→ ACTIVITY: Each line of the data below from the one holding "Lãnh đạo Hội" to the one holding "Vintage Tommy Hilfiger", inclusive, is to be reproduced exactly; no other line belongs in the answer.

→ DATASET RECORDS:
┌──
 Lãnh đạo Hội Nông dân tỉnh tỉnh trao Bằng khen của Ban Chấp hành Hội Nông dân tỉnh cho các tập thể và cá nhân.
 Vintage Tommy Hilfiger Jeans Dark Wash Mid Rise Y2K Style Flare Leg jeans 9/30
└──
┌──
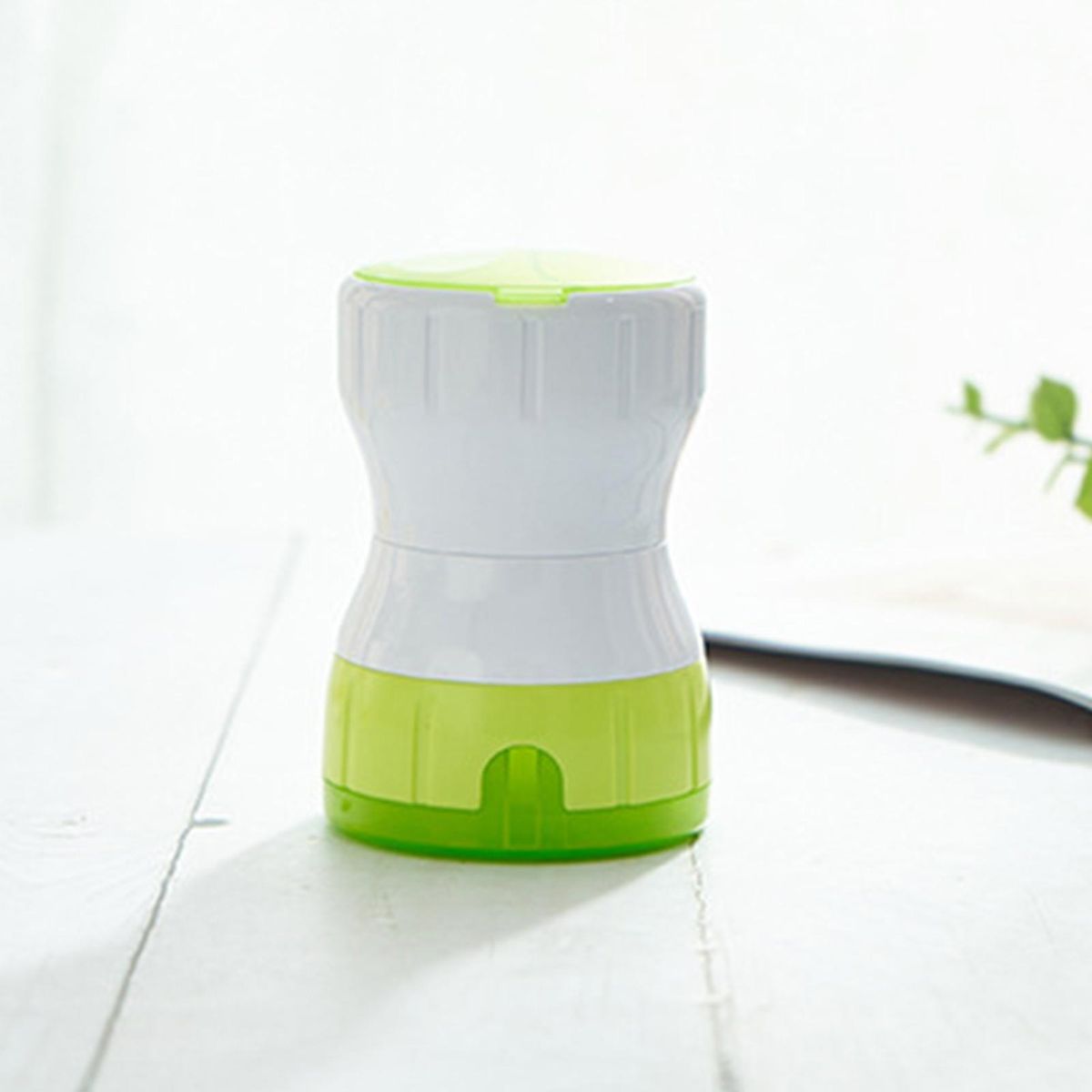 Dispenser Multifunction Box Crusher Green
└──
→ SOLUTION TO THIS PROBLEM:
 Lãnh đạo Hội Nông dân tỉnh tỉnh trao Bằng khen của Ban Chấp hành Hội Nông dân tỉnh cho các tập thể và cá nhân.
 Vintage Tommy Hilfiger Jeans Dark Wash Mid Rise Y2K Style Flare Leg jeans 9/30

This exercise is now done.